Les volumes supplémentaires devront permettre à la fois d’assurer la croissance de Dolima et de lancer une deuxième marque 100 % lait de collecte, comme un retour aux origines. Depuis un an, une gamme de yaourts et de lait frais est ainsi testée auprès de 300 clients, livrés à domicile. Un positionnement très haut de gamme, qui promet une rentabilité deux fois supérieure à celle de Dolima. « C’est bien notre style de faire ce genre de grand écart », s’amuse Bagoré Bathily, satisfait de retomber ainsi sur ses pieds.

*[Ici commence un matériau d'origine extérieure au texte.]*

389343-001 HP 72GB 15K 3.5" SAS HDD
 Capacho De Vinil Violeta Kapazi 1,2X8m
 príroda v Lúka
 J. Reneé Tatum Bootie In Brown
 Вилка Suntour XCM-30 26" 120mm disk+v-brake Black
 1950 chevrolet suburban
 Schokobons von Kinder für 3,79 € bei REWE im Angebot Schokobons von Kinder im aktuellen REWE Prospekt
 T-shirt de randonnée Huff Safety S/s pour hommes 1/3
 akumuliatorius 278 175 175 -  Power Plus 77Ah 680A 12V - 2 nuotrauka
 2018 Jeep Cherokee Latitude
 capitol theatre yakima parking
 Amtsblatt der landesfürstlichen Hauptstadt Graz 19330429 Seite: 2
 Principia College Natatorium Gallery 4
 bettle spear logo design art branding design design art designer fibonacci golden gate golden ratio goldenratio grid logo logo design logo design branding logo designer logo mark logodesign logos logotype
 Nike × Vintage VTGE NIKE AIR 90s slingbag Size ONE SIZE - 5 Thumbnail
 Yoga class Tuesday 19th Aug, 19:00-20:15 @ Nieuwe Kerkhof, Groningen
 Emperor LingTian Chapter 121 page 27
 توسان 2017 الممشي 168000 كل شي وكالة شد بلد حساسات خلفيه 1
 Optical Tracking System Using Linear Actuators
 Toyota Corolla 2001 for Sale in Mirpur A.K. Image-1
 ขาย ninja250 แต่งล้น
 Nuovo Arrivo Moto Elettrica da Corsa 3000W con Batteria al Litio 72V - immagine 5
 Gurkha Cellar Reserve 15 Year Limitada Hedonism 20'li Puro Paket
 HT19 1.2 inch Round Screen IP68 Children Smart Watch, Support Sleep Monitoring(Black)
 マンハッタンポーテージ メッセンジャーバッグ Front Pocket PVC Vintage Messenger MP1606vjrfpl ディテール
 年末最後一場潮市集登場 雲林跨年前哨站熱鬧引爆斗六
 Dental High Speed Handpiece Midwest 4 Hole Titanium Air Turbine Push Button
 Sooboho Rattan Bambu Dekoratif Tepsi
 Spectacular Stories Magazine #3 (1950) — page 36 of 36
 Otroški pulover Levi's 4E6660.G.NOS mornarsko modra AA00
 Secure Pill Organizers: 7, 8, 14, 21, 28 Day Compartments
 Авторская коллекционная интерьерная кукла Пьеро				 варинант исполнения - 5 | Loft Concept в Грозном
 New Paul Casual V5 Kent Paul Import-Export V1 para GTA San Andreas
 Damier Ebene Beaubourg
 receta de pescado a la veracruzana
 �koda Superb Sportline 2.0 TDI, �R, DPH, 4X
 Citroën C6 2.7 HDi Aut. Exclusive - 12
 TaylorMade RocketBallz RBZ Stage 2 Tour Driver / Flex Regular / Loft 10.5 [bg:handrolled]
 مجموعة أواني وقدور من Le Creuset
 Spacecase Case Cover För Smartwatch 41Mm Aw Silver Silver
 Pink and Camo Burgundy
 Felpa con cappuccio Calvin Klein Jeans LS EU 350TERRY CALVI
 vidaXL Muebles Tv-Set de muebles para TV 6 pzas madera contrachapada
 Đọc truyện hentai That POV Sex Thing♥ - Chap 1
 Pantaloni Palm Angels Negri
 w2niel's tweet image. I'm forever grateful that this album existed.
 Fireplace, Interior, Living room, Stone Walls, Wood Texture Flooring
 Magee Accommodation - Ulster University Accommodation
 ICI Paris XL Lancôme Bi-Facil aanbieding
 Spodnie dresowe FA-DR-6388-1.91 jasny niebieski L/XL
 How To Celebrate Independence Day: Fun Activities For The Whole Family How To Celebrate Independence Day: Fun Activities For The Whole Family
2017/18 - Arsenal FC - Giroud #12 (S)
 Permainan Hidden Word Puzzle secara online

Priorité aux investisseurs du cru

Investisseurs et Partenaires, dirigé par l’ancien directeur de l’Agence française de développement Jean-Michel Severino, qui a financé La laiterie dès ses débuts, est en train de céder sa participation de 7 %. Les acheteurs sont des investisseurs locaux. Parmi eux, la Compagnie sucrière sénégalaise – située à Richard-Toll et qui lui fournit des fourrages – a racheté 2 %. Bagoré Bathily, dont la famille possède 25 % du capital, tient à protéger l’ancrage sénégalais de la société. De fait, si Danone – qui compte déjà dans son portefeuille des pépites locales à fort potentiel – détient 44 % de l’entreprise, sa part n’a pas vocation à augmenter.